Another factor threatening the lynx is a recent, fundamental change in Maine forestry practices. Ninety-nine percent of the state's forest is privately owned and managed, and the nature of that private ownership has been changing. Seven million acres of Maine forest have changed hands since 1999, says Cathy Johnson, senior staff attorney for the Natural Resources Council of Maine, an NWF affiliate working for forest protection. Previous owners were primarily paper companies that owned their own mills for turning trees into pulp and profited from these mills. But in the 1980s, a strong market for vacation homes began to develop in the Northeast. In 1988, the Diamond International Corporation sold 970,000 acres of Maine timberland for subdivision. Other companies also started selling land to businesses that did not own mills and that had to profit from the land and trees themselves.

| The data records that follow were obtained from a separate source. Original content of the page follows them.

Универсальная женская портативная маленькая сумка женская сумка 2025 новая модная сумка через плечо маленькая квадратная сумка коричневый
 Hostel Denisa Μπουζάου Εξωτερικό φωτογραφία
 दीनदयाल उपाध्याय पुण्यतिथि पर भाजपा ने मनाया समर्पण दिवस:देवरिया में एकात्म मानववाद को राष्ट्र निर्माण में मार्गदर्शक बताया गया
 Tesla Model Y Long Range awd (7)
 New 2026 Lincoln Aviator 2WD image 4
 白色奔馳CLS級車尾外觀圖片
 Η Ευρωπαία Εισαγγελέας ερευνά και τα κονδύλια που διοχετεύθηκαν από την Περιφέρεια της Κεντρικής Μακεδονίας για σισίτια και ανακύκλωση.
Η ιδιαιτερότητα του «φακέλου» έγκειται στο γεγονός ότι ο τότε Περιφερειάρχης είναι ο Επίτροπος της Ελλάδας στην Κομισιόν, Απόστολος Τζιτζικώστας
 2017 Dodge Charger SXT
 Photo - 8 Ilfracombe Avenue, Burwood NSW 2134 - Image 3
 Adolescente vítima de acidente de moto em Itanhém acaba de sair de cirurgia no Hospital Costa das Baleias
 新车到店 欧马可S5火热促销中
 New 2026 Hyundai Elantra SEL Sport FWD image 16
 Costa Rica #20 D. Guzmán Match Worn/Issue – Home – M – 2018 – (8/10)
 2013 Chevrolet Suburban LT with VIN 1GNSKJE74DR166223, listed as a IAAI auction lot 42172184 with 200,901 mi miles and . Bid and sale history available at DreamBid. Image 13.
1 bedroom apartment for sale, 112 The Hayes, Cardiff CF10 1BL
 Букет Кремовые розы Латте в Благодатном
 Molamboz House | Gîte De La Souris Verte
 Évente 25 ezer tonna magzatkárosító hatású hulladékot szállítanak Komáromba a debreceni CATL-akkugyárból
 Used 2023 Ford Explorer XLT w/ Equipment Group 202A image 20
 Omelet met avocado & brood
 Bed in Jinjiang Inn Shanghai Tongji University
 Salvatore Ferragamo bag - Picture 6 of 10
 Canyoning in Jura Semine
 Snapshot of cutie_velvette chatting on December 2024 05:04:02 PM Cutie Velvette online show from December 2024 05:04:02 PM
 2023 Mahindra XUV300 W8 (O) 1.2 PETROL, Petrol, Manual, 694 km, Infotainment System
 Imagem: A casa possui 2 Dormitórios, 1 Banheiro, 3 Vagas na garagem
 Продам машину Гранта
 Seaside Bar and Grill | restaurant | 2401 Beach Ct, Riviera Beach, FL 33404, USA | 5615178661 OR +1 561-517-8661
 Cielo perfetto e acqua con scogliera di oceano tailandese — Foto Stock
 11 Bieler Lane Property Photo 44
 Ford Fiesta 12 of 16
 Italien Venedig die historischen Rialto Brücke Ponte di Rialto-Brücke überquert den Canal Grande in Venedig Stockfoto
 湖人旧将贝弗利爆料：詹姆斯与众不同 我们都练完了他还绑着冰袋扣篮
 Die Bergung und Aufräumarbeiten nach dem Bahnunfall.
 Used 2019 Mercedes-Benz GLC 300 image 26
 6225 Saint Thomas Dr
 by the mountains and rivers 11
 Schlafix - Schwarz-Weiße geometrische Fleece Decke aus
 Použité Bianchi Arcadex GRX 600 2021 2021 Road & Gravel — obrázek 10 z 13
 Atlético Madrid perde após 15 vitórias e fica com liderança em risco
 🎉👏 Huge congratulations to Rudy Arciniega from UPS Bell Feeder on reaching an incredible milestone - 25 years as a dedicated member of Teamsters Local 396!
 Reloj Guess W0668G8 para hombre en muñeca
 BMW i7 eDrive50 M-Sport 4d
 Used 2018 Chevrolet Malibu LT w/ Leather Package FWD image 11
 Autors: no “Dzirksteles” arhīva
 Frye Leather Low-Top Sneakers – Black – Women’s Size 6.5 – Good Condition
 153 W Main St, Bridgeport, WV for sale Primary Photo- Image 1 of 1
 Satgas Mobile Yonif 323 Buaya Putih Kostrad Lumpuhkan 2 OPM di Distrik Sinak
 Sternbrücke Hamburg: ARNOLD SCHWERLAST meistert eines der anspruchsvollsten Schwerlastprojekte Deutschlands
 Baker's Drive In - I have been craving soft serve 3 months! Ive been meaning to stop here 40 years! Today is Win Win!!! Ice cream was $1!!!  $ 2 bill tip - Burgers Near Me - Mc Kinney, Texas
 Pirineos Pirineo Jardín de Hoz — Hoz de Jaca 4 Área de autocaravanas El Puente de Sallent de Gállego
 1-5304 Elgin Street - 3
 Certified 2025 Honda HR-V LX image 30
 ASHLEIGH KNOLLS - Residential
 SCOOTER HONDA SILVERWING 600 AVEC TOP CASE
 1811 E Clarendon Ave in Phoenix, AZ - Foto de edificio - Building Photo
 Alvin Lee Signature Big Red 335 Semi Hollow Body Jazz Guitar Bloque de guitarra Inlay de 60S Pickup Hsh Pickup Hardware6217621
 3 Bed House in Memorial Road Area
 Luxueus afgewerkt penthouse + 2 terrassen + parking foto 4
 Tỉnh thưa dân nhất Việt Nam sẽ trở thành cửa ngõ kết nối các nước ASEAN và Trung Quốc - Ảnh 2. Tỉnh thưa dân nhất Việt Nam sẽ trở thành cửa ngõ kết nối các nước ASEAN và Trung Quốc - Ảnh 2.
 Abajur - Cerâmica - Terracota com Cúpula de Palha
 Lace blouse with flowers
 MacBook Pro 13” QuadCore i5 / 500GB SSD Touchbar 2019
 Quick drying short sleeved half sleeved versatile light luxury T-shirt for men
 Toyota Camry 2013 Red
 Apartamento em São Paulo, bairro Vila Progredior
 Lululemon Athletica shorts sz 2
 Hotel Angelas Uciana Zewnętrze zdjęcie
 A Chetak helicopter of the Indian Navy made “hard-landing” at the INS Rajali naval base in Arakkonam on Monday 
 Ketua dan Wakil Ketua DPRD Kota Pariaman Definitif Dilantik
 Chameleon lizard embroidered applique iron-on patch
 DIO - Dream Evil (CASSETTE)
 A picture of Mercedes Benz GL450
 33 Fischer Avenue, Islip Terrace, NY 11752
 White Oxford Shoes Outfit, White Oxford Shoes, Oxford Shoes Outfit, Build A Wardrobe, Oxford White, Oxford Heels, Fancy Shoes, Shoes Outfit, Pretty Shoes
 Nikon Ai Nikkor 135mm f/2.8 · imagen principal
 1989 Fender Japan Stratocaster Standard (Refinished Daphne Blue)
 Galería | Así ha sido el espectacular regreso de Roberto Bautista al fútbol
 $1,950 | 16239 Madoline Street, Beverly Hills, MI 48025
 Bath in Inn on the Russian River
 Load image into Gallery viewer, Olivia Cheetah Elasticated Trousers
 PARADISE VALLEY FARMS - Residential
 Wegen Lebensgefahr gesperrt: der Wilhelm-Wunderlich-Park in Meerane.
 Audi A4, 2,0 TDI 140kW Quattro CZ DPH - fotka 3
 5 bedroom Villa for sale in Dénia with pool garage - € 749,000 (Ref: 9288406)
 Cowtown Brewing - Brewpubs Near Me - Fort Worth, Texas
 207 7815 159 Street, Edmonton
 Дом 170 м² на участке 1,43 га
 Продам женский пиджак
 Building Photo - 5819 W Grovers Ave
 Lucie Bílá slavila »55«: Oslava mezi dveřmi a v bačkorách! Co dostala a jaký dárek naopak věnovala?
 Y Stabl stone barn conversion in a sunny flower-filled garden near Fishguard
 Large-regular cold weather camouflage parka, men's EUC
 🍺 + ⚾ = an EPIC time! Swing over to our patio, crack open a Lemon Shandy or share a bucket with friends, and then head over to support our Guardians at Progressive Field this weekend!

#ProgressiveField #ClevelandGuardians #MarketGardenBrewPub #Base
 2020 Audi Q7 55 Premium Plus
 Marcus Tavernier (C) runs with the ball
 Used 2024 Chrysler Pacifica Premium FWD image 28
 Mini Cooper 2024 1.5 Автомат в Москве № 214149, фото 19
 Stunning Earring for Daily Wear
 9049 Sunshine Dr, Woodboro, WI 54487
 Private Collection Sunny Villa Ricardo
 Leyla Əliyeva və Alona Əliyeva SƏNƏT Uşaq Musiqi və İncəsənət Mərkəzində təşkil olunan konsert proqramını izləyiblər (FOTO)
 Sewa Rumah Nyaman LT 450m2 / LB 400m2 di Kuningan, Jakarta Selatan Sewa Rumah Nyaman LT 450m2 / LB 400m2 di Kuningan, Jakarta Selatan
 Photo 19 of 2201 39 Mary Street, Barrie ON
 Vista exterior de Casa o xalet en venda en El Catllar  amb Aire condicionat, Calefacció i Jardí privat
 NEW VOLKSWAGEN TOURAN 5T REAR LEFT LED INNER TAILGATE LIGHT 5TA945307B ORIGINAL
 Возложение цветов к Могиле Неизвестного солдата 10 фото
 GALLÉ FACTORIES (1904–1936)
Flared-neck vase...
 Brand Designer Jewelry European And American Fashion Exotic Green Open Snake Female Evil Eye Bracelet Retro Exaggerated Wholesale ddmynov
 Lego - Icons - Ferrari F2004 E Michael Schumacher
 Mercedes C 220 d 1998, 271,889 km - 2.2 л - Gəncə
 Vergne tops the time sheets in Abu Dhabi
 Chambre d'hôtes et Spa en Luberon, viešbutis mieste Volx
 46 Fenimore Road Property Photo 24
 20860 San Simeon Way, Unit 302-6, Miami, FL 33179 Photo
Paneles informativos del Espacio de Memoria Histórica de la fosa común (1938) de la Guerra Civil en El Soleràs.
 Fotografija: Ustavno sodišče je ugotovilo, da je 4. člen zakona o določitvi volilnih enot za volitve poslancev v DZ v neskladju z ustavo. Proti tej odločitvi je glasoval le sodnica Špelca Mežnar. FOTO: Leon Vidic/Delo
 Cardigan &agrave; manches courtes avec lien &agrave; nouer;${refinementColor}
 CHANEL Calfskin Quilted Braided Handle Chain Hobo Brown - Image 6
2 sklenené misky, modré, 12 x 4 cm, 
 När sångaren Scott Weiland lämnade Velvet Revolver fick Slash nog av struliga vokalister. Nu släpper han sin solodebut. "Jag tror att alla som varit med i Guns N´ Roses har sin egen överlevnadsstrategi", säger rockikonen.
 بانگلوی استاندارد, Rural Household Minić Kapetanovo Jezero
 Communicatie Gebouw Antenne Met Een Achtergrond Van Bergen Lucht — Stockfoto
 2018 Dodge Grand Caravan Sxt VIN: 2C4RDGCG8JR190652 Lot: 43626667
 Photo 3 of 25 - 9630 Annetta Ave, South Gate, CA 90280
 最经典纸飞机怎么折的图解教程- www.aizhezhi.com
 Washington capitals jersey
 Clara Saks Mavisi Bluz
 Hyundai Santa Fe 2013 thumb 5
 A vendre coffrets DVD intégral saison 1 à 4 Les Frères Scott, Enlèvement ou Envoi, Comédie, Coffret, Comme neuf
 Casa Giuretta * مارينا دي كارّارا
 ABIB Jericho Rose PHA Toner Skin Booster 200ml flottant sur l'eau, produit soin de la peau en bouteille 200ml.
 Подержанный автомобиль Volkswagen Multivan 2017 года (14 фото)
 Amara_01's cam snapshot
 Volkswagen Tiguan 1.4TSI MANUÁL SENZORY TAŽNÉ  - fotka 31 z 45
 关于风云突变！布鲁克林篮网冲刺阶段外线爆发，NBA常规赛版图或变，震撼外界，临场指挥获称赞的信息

An example of where this shift has led can be found right at Moosehead Lake, which lies, Johnson says, in "the largest block of undeveloped forest east of the Mississippi, some 10 million acres of forest," a stretch of land roughly five times the size of Yellowstone National Park. In the past, most of it was owned by industrial forest companies, but in 1998 South African Pulp and Paper sold some 905,000 acres of Maine forest to Plum Creek Timber Company, in actuality a real estate investment trust. The largest private landowner in the United States, Plum Creek owns more than 8 million acres of timber in 18 states. Interested mainly in land development, Plum Creek wants to turn 20,000 acres it owns around Moosehead Lake into a spread of 2,300 vacation-home units, the largest development ever proposed for unincorporated townships in Maine. So far, public outcry over the plan--which would jeopardize "high-value lynx habitat and areas important for remote recreation," Johnson says--has slowed the company's acquisition of state building permits.
Plum Creek and other new landowners are changing the dynamic of forest management in Maine. Where the paper companies wanted to maintain forests during decades of ownership, the new companies plan to stay for only a few years and make quick profits. "This is the beginning of a huge change in Maine," Johnson says. "There's just no stability at all in land ownership."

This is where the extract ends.